2. Premature Withdrawal (Withdrawal before age 60)

If for some reason a customer wants to withdraw money from NPS before the age of 60 years, then he can withdraw the money even after 10 years of opening the account. But, there are some conditions for this.

-80 percent of the amount should be used to purchase annuity. You will get pension every month from this annuity.

-A lump sum withdrawal of 20 percent of the corpus i.e. the total ready fund is allowed.

This means that if the subscriber wants to withdraw his money after 10 years, he will have to use 80 percent of the total corpus to buy annuity. With this he will get pension every month, which is the main objective of investing in NPS.

3. Exit on death before 60 years

If the subscriber dies before the age of 60 years, his nominee or legal heir can withdraw the entire amount deposited in NPS in lump sum. In such a situation there is no need to buy annuity. With this, the subscriber's family gets the entire amount in lump sum.

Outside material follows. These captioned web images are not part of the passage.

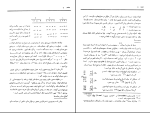 برای بزرگنمایی کلیک کنید دانلود پی دی اف کتاب عروض و قافیه دکتر سیروس شمیسا 126 صفحه PDF-1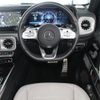 mercedes-benz g-class 2024 CFJ1674513 image 18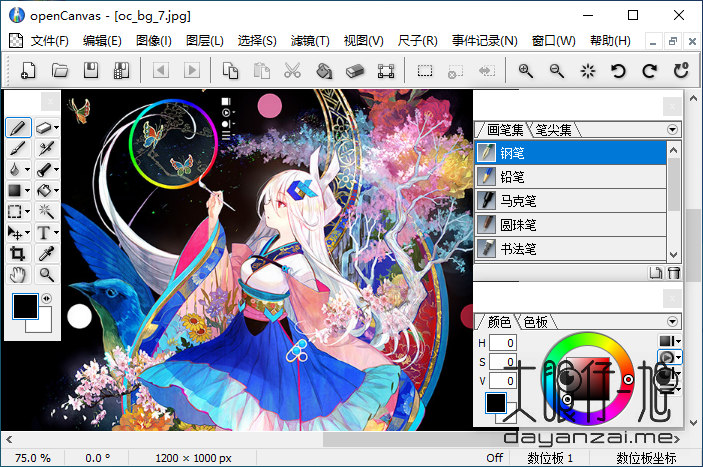 日本专业 CG 绘画工具 OpenCanvas 6.2.12 + x64 中文汉化版下载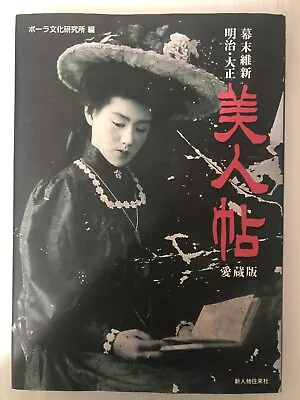 Bizintyou  美人帖   Bakumatu Meizi Taisyou Photo Book Japanese Used • $58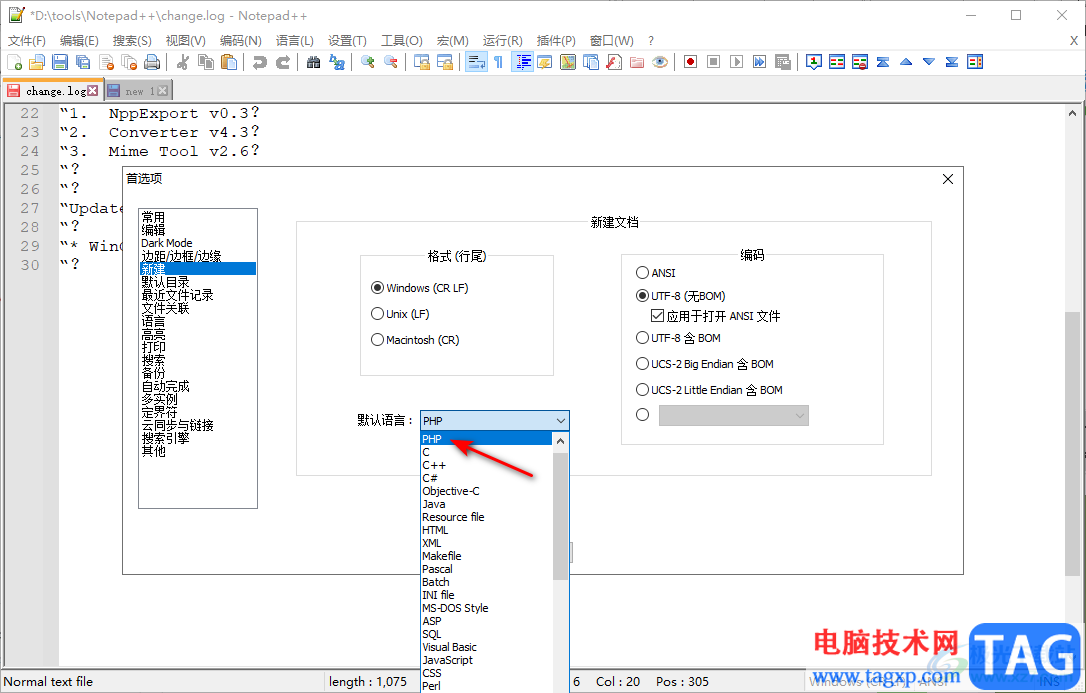 Notepad++设置默认语言的方法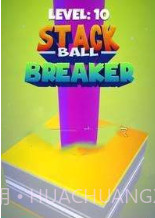 叠球断路器截图3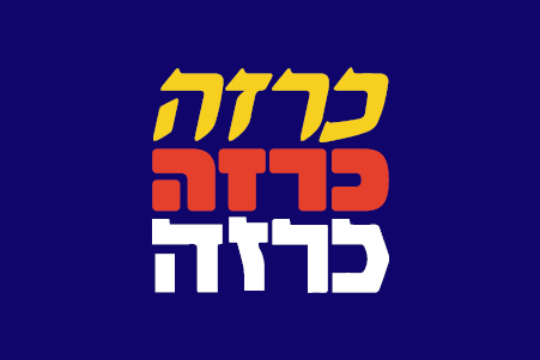 10# תחרות כרזות טיפוגרפיות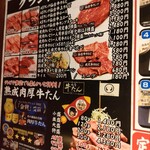 Yakiniku No Itou - 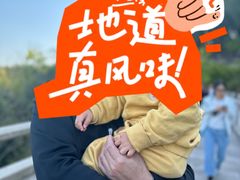 -径山寺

4. How much tax will be levied?

It is important to understand the tax rules applicable to premature withdrawal. Partial withdrawal i.e. up to 25 percent of the NPS corpus is tax free. If the subscriber wants to withdraw the entire amount before the stipulated time, then a lump sum tax of 20 percent of the amount will be charged. Keep in mind that if the entire amount is withdrawn prematurely, only 20 percent of the money is allowed to be withdrawn in lump sum. You will have to buy annuity with the remaining money. The pension received from annuity will be taxed as per the income tax slab of the subscriber.

From the above rules for withdrawal before attaining the age of 60 years it is clear that PFRDA has allowed the customer to withdraw the money as and when required. But, it also keeps in mind that the main objective of the customer to invest in NPS should be to receive a regulated income after retirement.